Subsequently, the students were shown both happy films and sad films. Smiling or laughter by the students in response to happy films was not predictive of better mental health. But the ability to smile or laugh after watching a sad film did predict that students had better social networks and better emotional and mental adjustment than those who did not laugh or smile after seeing the sad films.

So far, no surprises. But there are some caveats to the benefits of positive emotion. One is that the emotion must be genuine, something that can be determined by assessing the genuineness of facial expression. Bonanno's recent studies include analysis of what he calls "genuine smiling"-also known as Duchenne and non-Duchenne expressions. "Genuine smiling involves the muscles around the eyes and can be reliably distinguished from polite or purposeful smiling, which does not involve contraction of the muscles around the eyes," he explains.

A second, less obvious caveat is that there may well be social costs to laughing and smiling in the face of highly stigmatizing events like sexual abuse.

In his Context Matters study, Bonanno and Deniz Colak, then a TC student and now in private practice, looked at the social adjustment of late adolescent girls and young adult women who were survivors of childhood sexual abuse (CSA). (In light of the transitional effect of emerging adulthood on physical stature and social skills, the way sexually abused women express their emotions could be more significant at this time in their lives than when they were younger.) About half of the women had known histories of CSA. All were asked by an interviewer to describe the most distressing event or series of events they had ever experienced, with no mention made about CSA. In fact, interviewers did not know which participants had a history of CSA. Once the interviews were complete, participants were divided into three categories: one group of CSA survivors who voluntarily talked about past abuse experiences, one group of CSA survivors who disclosed an event unrelated to their abuse, and a third group of women who had never been victims of CSA.

Bonanno and his colleagues studied the positive emotions expressed by all the young women in the study, and found that, yes, in general, the more positive facial expression they showed, the better off they were and the better social adjustment they exhibited two years later. Indeed, the more the CSA victims laughed and smiled, the better adjustment they exhibited over time. But-and this was the key-that was not the finding if they laughed and smiled while disclosing their abuse. In fact, genuine laughter and smiling by women while talking about their CSA experiences turned out to predict worse social adjustment over time.

"We are not really sure why this is," Bonanno says. "Sexual abuse makes people profoundly uncomfortable, even in the most enlightened society. It is confusing when someone tells you they have been abused and they are laughing and smiling." As a result, he says, these girls may have difficulty regulating themselves socially, which could contribute to the problems they report about adjusting to social situations over the long term.

Questionnaires given to the women at the end of the study measured their social competence levels and how popular they felt they were among their social contacts. The girls who exhibited genuine smiling and laughter while disclosing abuse responded that they believed they had fewer friends and were less popular. Out of all the participants, those women also reported the most withdrawal from social activities.

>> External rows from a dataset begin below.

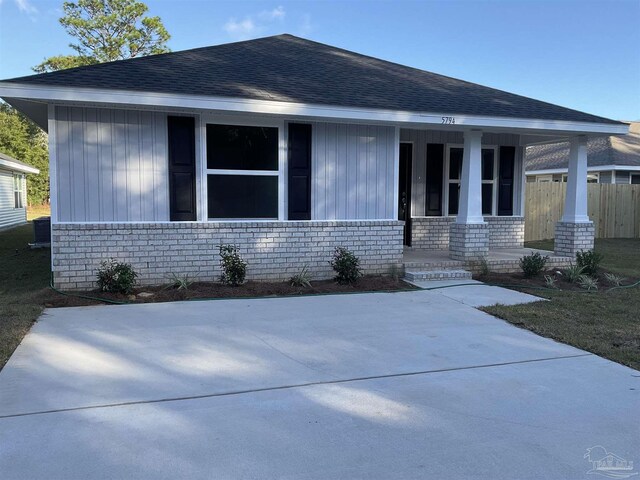 doorway to property with covered porch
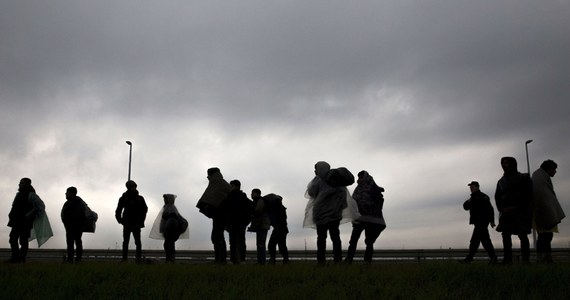 Szefowa resortu spraw wewnętrznych Niemiec zapowiedziała, że utrzyma kontrole na granicach z Polską, Czechami, Austrią i Szwajcarią. Utrudnienia znikną dopiero, gdy uda się "znacznie ograniczyć" nielegalną migrację - oświadczyła Nancy Faeser.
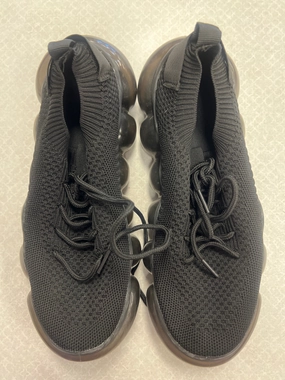 Thermoplastic Heel Support Shoes Sneakers By Clothes Mentor  Size: 7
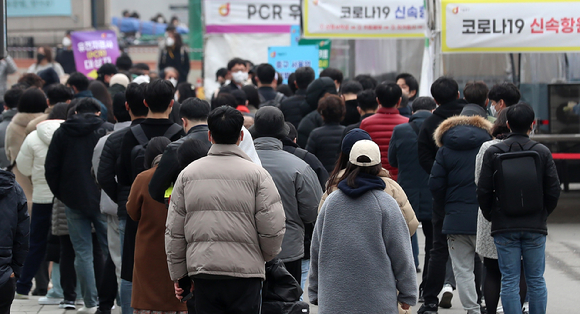 서울 중구 서울역광장 코로나19 임시선별검사소에서 시민들이 검사를 받기위해 대기하고 있다.  [사진=뉴시스]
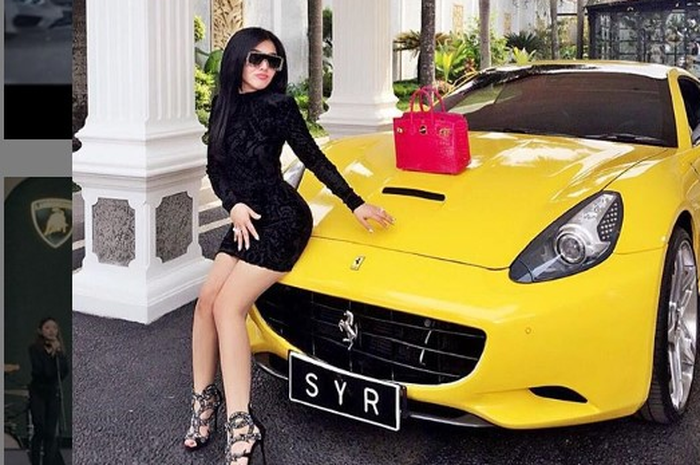 Syahrini di depan kap mesin Ferrari California HS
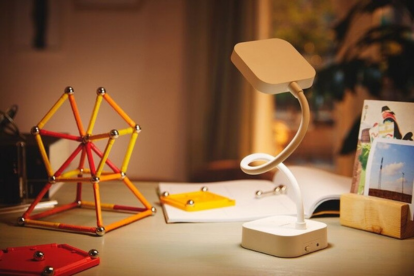 Back to School v novi luči – z namiznimi LED svetilkami Philips
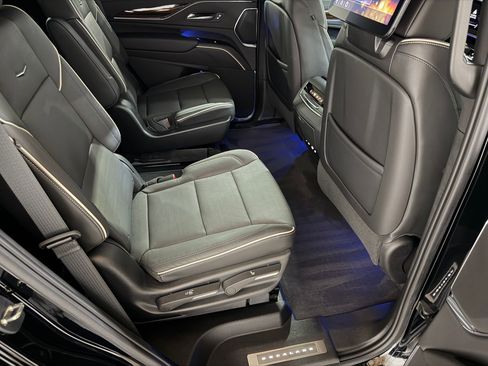 Certified 2023 Cadillac Escalade Premium Luxury w/ Performance Package AWD/4WD image 48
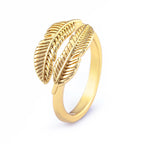 Anillo pluma cincelado dorado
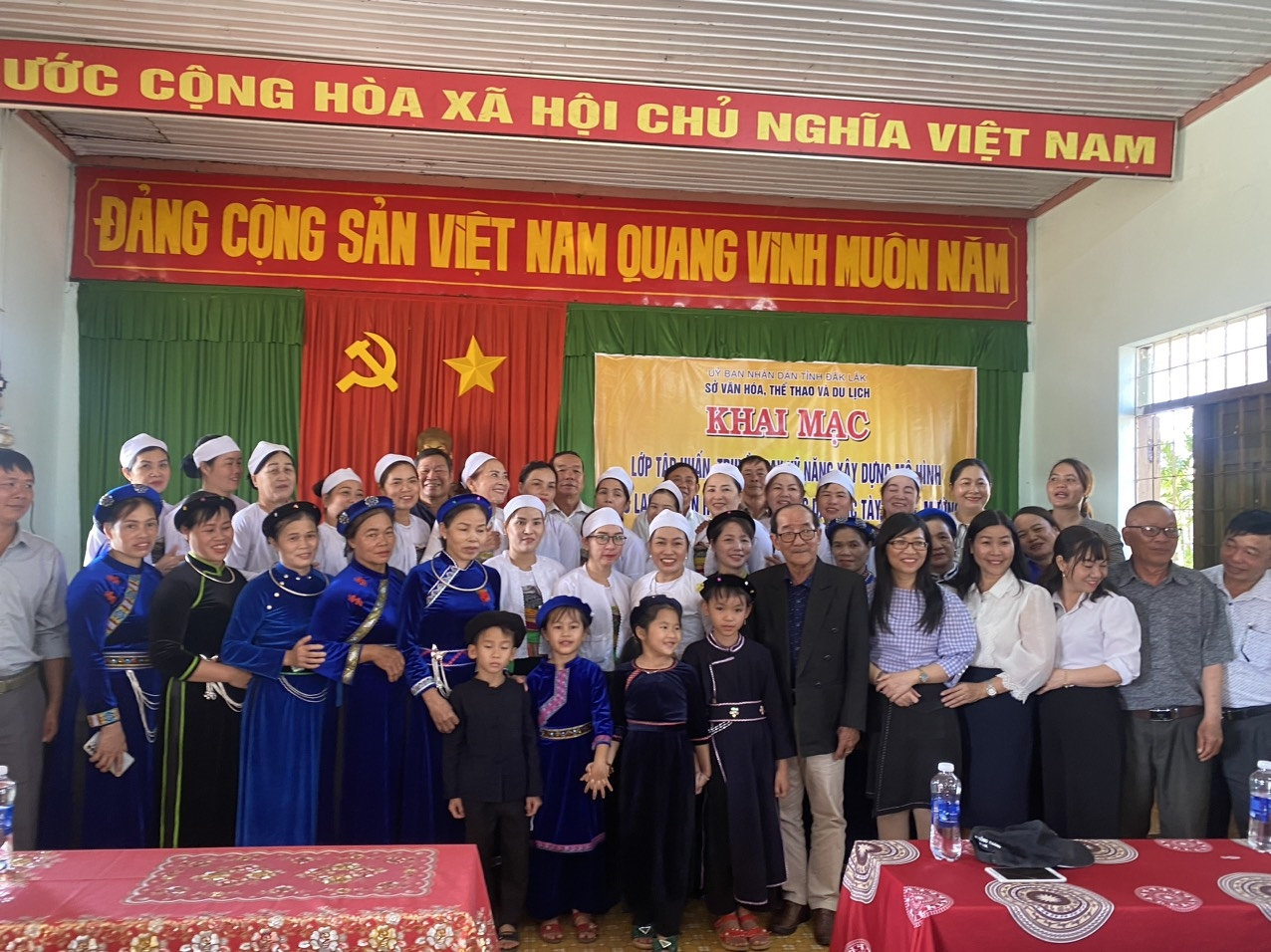 Ban tổ chức chụp hình lưu niệm cùng các học viên, thành viên Câu lạc bộ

"The point of the study is that it is not always good to feel good or to show that you do," Bonanno says. A related, as-yet-unpublished study that he worked on involved showing videotapes of people laughing and smiling to participants who were told that the people on the video were bereaved. The participants said that they felt good watching these people laugh and smile in spite of their loss. That response changed when the participants were told that the smiling people in the tapes had lost a child. The participants in that study said they were very uncomfortable to see a bereaved parent showing such positive emotion.